Perry implies that people are not going to be paying attention to this issue anymore without the Trans-Texas Corridor name, and that we don’t remember and don’t care that he tried his hardest to take our land away.
He says, “Is the name still around? Are the same people that were mad two years ago still mad today? I would suggest to you no.” I would suggest to him not only yes, but heck yes!
Perry denigrates grass-roots volunteer efforts—if we weren’t having an impact, he wouldn’t lower himself to talk about us.
Lindenberger raises two important points related to the impact of grass-roots efforts against Perry and the Corridor. First, he says to Perry, “It seems clear that something fell apart politically for you in 2006, when you faced strong opposition in your re-election campaign [thus resulting in Gov. 39%], and then in 2007 when lawmakers rebelled at the idea of bringing foreign companies to Texas to build and operate toll roads—for a profit.”
Then, Lindenberger also points out, “Among the most persistent complaints among the grass-roots opposition to the Trans Texas Corridor has been your relentless push for not just toll roads, but for privatization, too. Among the criticism has been the observation that you have received hundreds of thousands of dollars from some of the same companies that went on to win contracts to build some of these roads. Is that a fair criticism?
Perry totally reverses the order of what happened, as pointed out in the question. The sequence is that Perry received hundreds of thousands of dollars and then the companies won road contracts.
Perry turns the question around and responds, “People contribute to my campaign because they like my philosophy and they like what I implement.”
Then he once more insults some of his constituents, knocking down the straw man of not building any roads at all. “If the grass-roots toll groups . . . had substantial influence, we wouldn’t be building any roads at all.” And Perry is so vindictive and petty, he has to make an uncalled-for attack on former Austinite Sal Costello, who worked tirelessly against toll roads and the Corridor on a volunteer basis: “Sal Costello had to move out of the state, it got to be such a poor way to make a living.”

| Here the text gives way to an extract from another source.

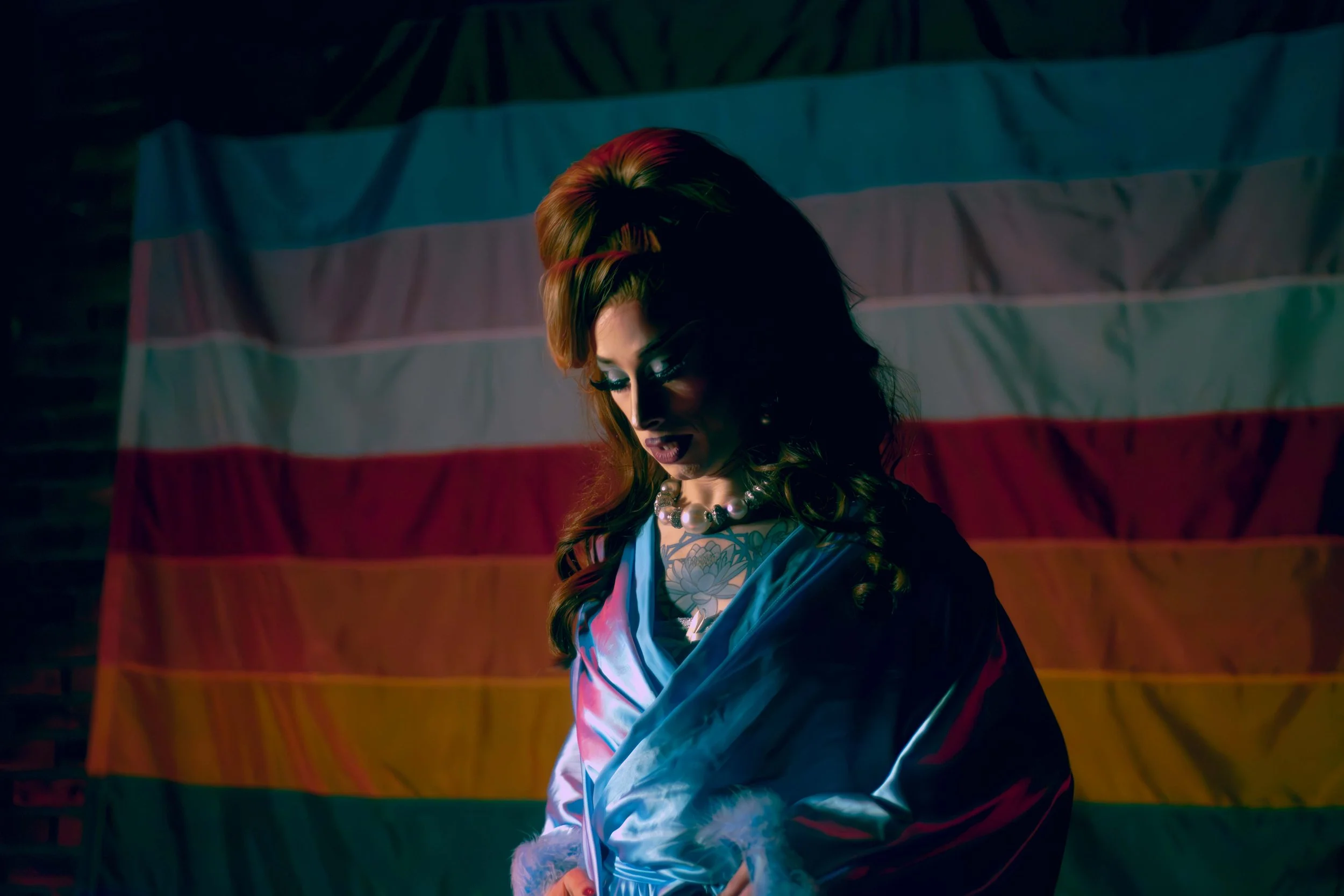 Drag queen with long hair and makeup looking down, standing in front of a flag with horizontal stripes of blue, white, and red, illuminated by colorful lights.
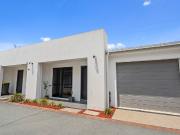 A refined townhouse where comfort, convenience and...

Sal did not make a living out of it; he put his own money and time into the fight and had a lot of success. He was the David against the Goliath of Perry and his contributors. Lindenberger points out in a note:
Costello, founder of a group called Austin Toll Party, is credited with helping stop some taxpayer-funded roads in Austin from being converted to toll roads. His blistering attacks made him a prolific anti-toll road gadfly. He announced earlier this month he had moved to a small town in Illinois and given up what he called his costly “obsession” with campaigning against toll roads.
Attacking volunteers—giving big contracts to big contributors—Is this any way to run the state?
If Perry thinks that it is an attractive trait to publicly attack citizens volunteering to make the state a better place and rural residents who are simply trying to save their farms and ranches, he is sadly mistaken. It is Perry and his big contributors who are “making a living” out of this—a rather large living, when private corporations get in the position, through their influence on the Governor, to wield the power of the government against private citizens.